Geschäftsbericht des Entschädigungsfonds 2009

Im Juli 2009 hat der Allgemeine Entschädigungsfonds mit den abschließenden Zahlungen begonnen. Man rechnet damit, das Gros der Zahlungen an lebende AntragstellerInnen nun in absehbarer Zeit leisten zu können.
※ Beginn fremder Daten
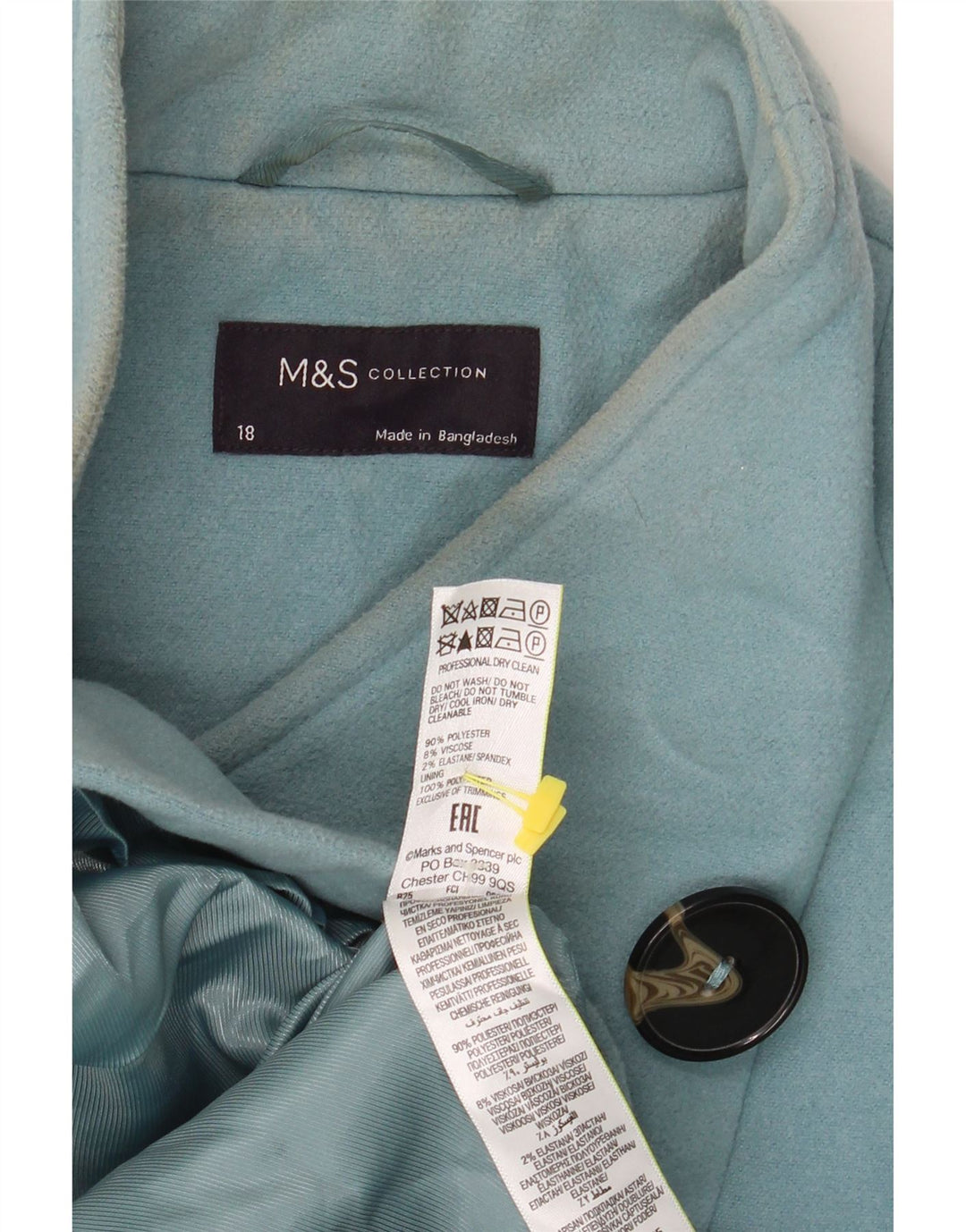 Marks & Spencer Dame Loose Fit Overfrakke UK 18 XL Blå Polyester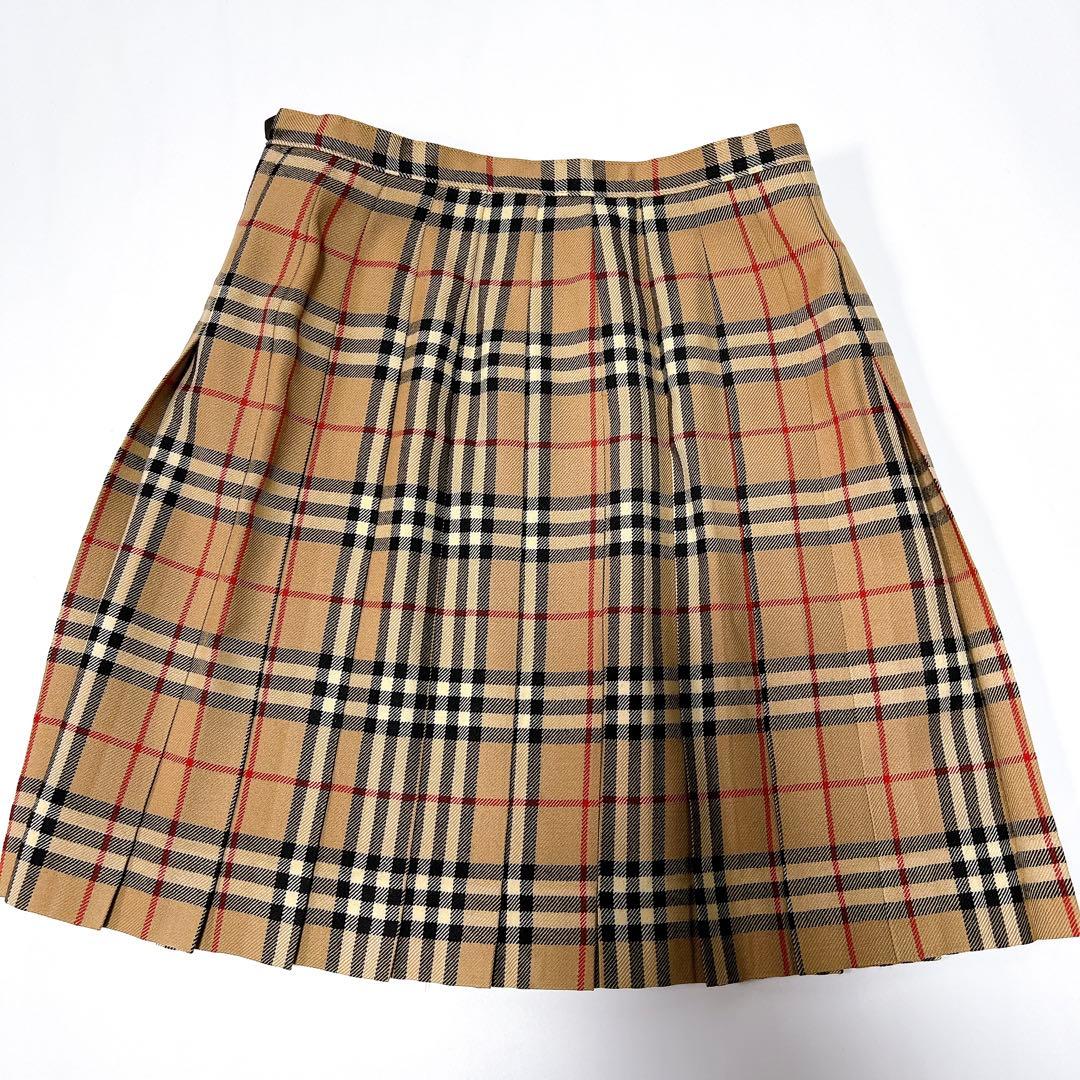 《美品》バーバリーブルーレーベル プリーツミニスカート ノバチェック 革ベルト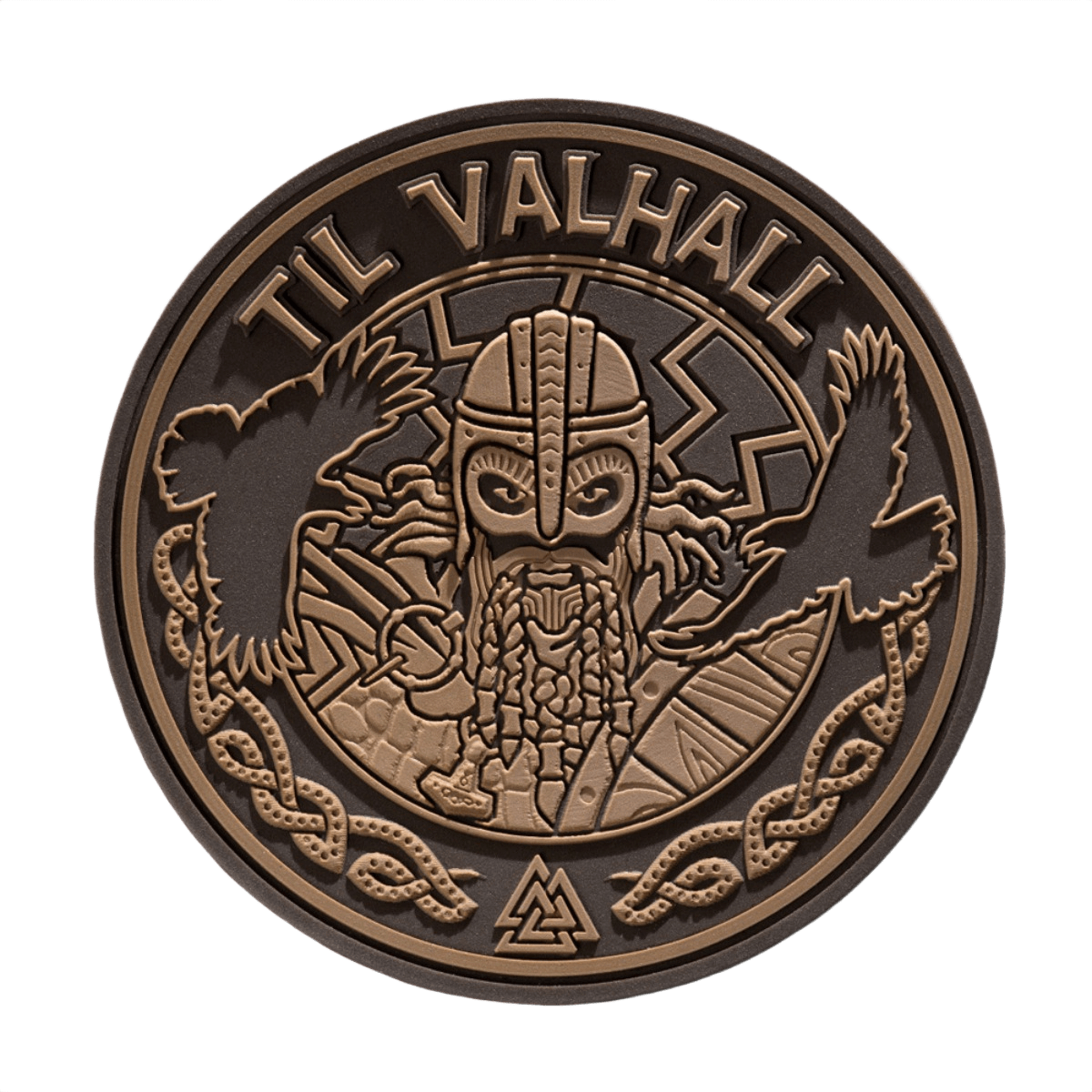 M-Tac Patch Til Valhall PVC med vikingedesign og ravne, perfekt til uniformer, tasker eller taktisk udstyr. Velcro-bagside, diameter 80 mm.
Der Allgemeine Entschädigungsfonds wurde 2001 gegründet, um noch offene Fragen der Entschädigung von Opfern des Nationalsozialismus für Verluste und Schäden, die als Folge von oder im Zusammenhang mit Ereignissen auf dem Gebiet der heutigen Republik Österreich während der Zeit des Nationalsozialismus entstanden sind, umfassend zu lösen. Um der Aufgabe gerecht zu werden, gibt es 10 Kategorien von möglichen Verlusten und Schäden, wobei deren Höhe individuell berechnet wird. Insgesamt wurden rund 20.700 Anträge fertig recherchiert, die meist Forderungen für mehrere EigentümerInnen enthalten.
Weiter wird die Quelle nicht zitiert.